When we hear about Rwanda, most people’s thoughts return to the horrific civil war that broke out in 1994 and led to the slaughter of over one million Tutsi and Hutu citizens. Though the country has worked hard to put the tragic events behind it, most people’s perception of the central African nation is still one of conflict and war. Out of the ashes of the past, many Rwandans, like 26-year-old Esther Mbabazi, have gone on to do amazing things.
Mbabazi overcame the odds to become Rwanda’s first female pilot, a feat many thought was impossible.
“Growing up I wanted to be a pilot when I was four,” she said. “I’d never been inside a cockpit but I used to see a plane in the sky and I imagined that thing must be flown by someone.”
“I had to go for it.
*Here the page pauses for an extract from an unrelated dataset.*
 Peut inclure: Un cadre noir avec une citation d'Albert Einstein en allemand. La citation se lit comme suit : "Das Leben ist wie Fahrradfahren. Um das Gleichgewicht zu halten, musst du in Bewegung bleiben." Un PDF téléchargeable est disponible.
Even though it looked like a long shot, it was my only shot — that’s how I saw it so I went for it, and here I am.”
After taking a chance and buying a one-way ticket to Uganda to attend pilot school, Mbabazi became a pilot for RwandAir, the nation’s national carrier, at just 24.
“When I went it was a one-way decision,” she said. “If they bounce me, I’ll just pack my things and come back — so that was the way I joined pilot school, and it was a long journey.”
Despite experiencing sexism, Mbabazi hasn’t let that stop her from living her dream.
“Time has changed,” she said. “Women are out there working, technology has changed, and everyone has the brains to do something, now it’s not about how much bicep or how much energy you have.”